Commit 90a3dcb
doc: Strengthen and adjust
The `copy-royal` algorithm maintains the patterns and "shape" of
text sufficiently to keep diffs the same (in the vast majority of
cases). It is used in `internal-tools` to help prepare test cases
with what is important and relevant to a regression test of diff
behavior, rather than the exact original repository content in a
tree that has been found to trigger a bug. It avoids needless
verbatim reproduction, while preserving aspects that are useful and
necessary for testing. It keeps the focus on patterns, preventing
irrelevant details of code in a tree that triggered a bug from
being confused with the logic of gitoxide itself, and makes it less
likely to be touched inadvertently in efforts to fix bugs or
improve style (which, in test data, would cause subtle breakage).

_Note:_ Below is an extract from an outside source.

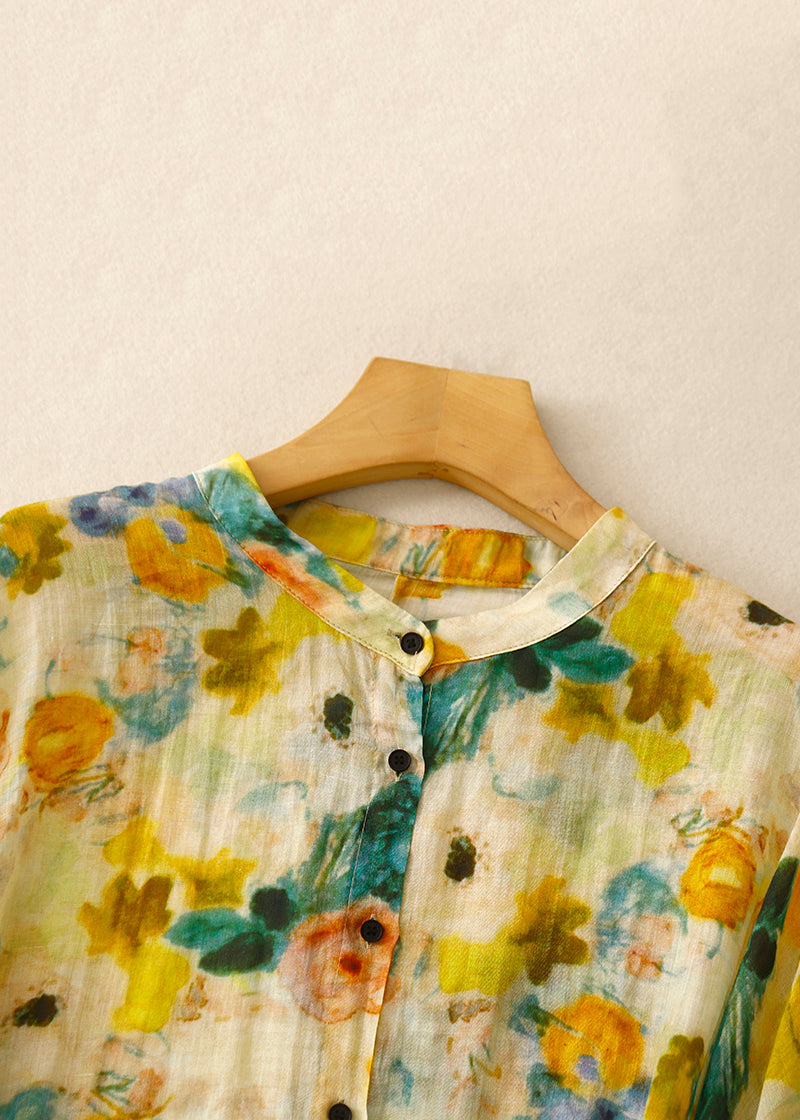 Chic Yellow Button Print Linen Shirt Lantern Sleeve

Although these benefits are substantial and we intend to continue
using copy-royal in the preparation of test cases as needed if or
when regressions arise, some of the guidance and rationale we had
given for its use was inaccurate or misleading. Most importantly,
copy-royal cannot be used in practice to redact sensitive
information: if you have a repository whose contents should not be
made public, then it is not safe to share the output of copy-royal
run on that repository either.
Copy-royal is implemented (roughly speaking) by mapping alphabetic
characters down to ten letters. This removes some information, at
least in principle: that is, if it were given totally random
letters as input, then it would be impossible to reverse it to get
those letters back. Even on input that is much more structured and
predictable, such as real-world input, it obfuscates it, making it
look garbled and nonsensical. However, even when one intuitively
feels that it has destroyed information, it is possible to reverse
it in many cases, and possibly even in all practical cases.
The reason is that, in real world source code and natural language,
some sequences of letters are overwhelmingly more likely to occur
than others, both in general and (especially) contextually given
what surrounding text is present. The information that is removed
by mapping into ten letters could often be reconstructed by:
1. Building a grammar of possible inputs, which can be done in a
simple manner by translating the copy-royal output one wishes to
reverse into a regular expression in which every symbol in the
copy-royal output becomes a character class of characters that
map to it. In effect, for every output of the copy-royal
algorithm, there is a regex that matches the possible inputs.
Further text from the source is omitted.